Infrastucure for the AWS Analytical Environment
Infrastucure for the AWS Analytical Environment
The long-running EMR cluster is currently deployed directly by terraform. The cluster is restarted every night by the taint-emr Concourse job to apply any outstanding user changes (see Authorisation and RBAC).
The user batch cluster is deployed by the emr-launcher(GitHub) lambda with the configurations in the batch_cluster_config directory. The cluster is launched on-demand by Azkaban using the custom DataWorks EMR Jobtype or DataWorks EMR Azkaban plugin. The clusters automatically shut down after a period of inactivity by scheduled Concourse jobs (<env>-stop-waiting).
As part of the EMR Launcher Lambda, when a Batch EMR cluster is deployed, it has a new security configuration copied from the previous security configuration and associated with the new EMR cluster. As per (DW-6602) and (DW-6602), these security configurations are copied by the EMR Launcher Lambda for the Batch EMR clusters only. The reason for doing this is described in the tickets, but this can mean we have many security configurations. If the number of EMR security configurations reaches the maximum of 600, we will be unable to launch any more EMR clusters. This can lead to outages of the user facing aws-analytical-env EMR cluster and the batch clusters if these aren’t periodically cleaned up.
The following (Concourse Job) is responsible for ensuring security configurations are periodically cleaned up.

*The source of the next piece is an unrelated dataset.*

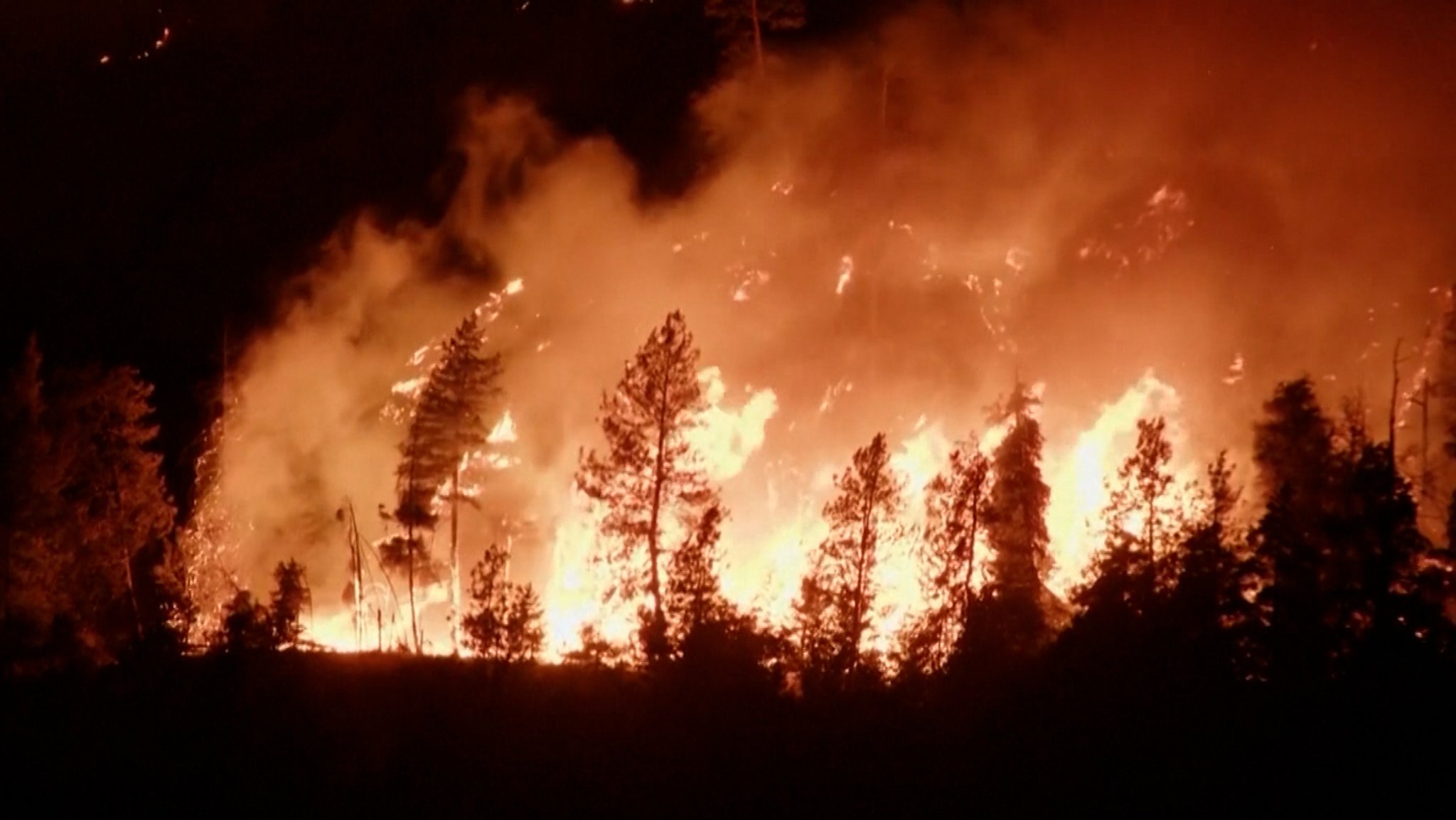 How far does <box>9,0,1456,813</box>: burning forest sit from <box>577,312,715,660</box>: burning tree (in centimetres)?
14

Both clusters output their logs to the Cloudwatch log group
/app/analytical_batch/step_logs
The logs from user submitted steps via Azkaban output to the Cloudwatch log group
/aws/emr/azkaban
Authentication is mostly handled by Cognito. There are 2 different authentication mechanisms:
The custom authentication flow(AWS docs) is used for implementing additional security checks on top of the default Cognito ones. This is not needed for federated users. It uses the dataworks-analytical-custom-auth-flow lambdas triggered by Cognito hooks (aws-analytical-env repo).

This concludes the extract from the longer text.